Could you copy exactly the lines below from the one with "Louis Vuitton Unisex" to the one with "Раковина Abber Stein", inclusive, leaving out any pictures?

» **EXTRACTED RECORDS**:
□ □ □ □ □
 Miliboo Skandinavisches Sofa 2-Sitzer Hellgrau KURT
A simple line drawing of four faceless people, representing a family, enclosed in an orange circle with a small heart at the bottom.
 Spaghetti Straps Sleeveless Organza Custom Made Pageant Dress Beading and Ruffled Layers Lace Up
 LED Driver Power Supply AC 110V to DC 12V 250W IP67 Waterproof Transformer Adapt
□ □ □ □ □
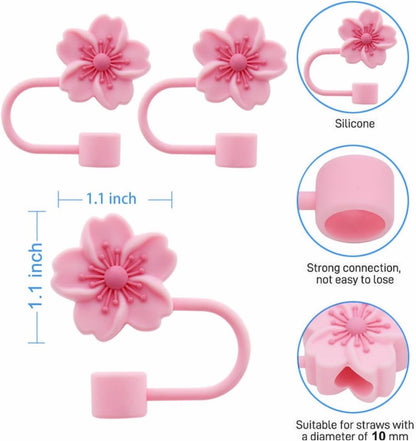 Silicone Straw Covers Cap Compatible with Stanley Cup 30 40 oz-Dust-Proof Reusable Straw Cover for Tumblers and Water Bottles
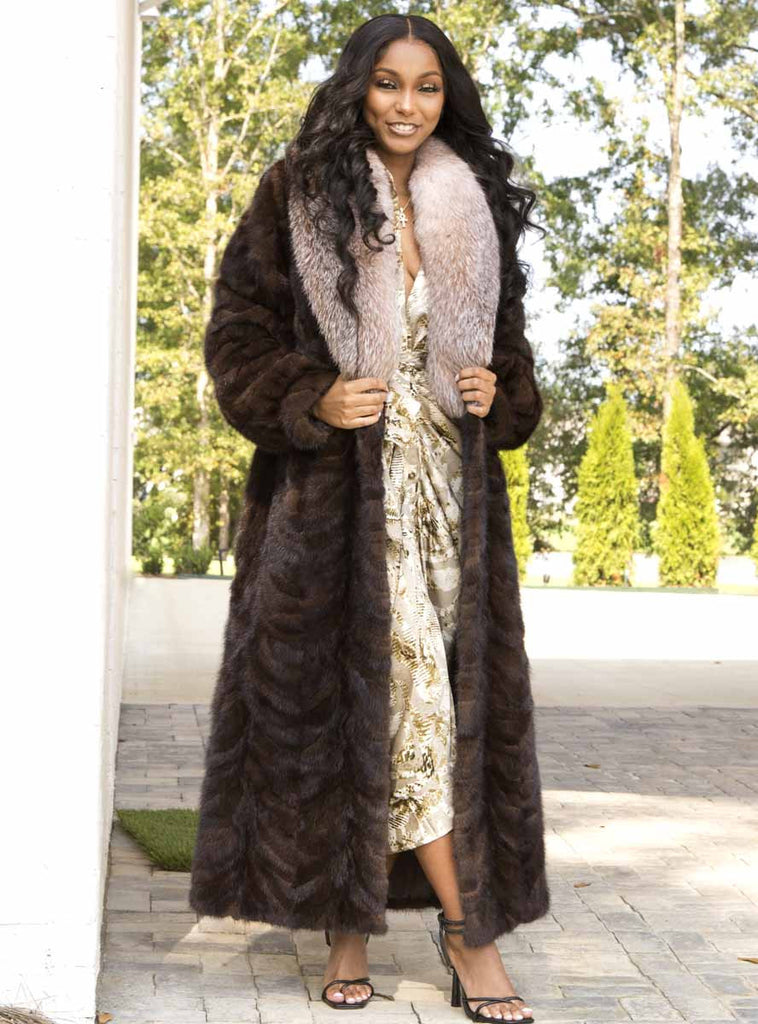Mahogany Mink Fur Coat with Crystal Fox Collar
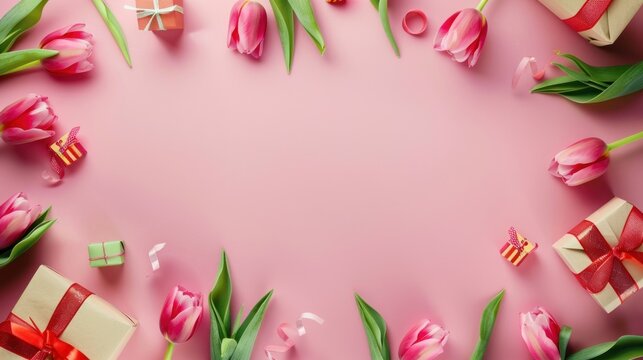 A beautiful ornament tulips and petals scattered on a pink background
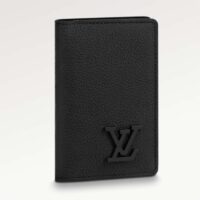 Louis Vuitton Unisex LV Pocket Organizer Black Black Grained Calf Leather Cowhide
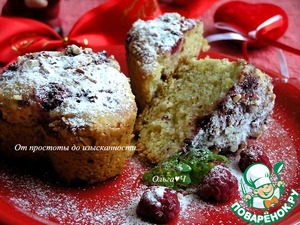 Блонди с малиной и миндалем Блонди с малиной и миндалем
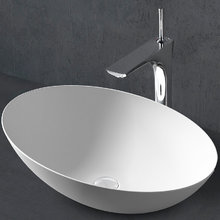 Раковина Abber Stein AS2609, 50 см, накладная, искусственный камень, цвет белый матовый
□ □ □ □ □
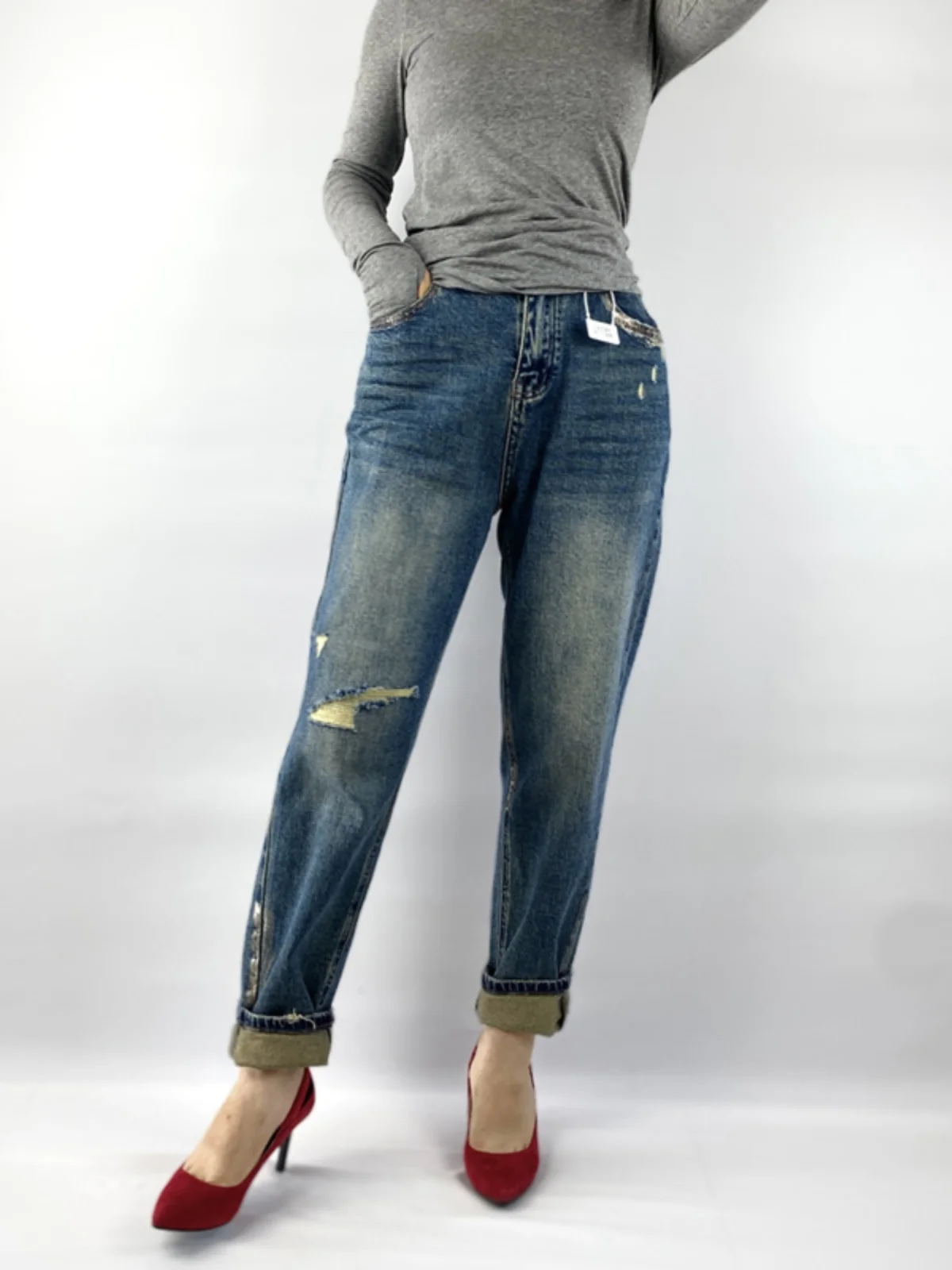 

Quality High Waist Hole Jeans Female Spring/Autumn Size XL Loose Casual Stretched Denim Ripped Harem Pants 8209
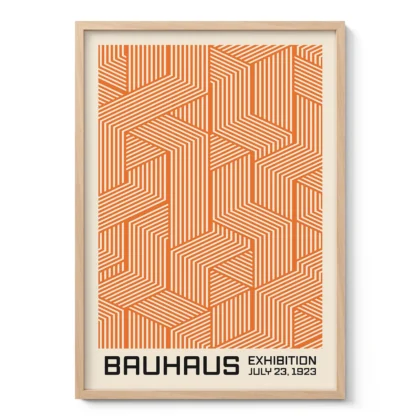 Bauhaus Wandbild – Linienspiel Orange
□ □ □ □ □
» **TASK OUTPUT**:
 Louis Vuitton Unisex LV Pocket Organizer Black Black Grained Calf Leather Cowhide
 Блонди с малиной и миндалем Блонди с малиной и миндалем
 Раковина Abber Stein AS2609, 50 см, накладная, искусственный камень, цвет белый матовый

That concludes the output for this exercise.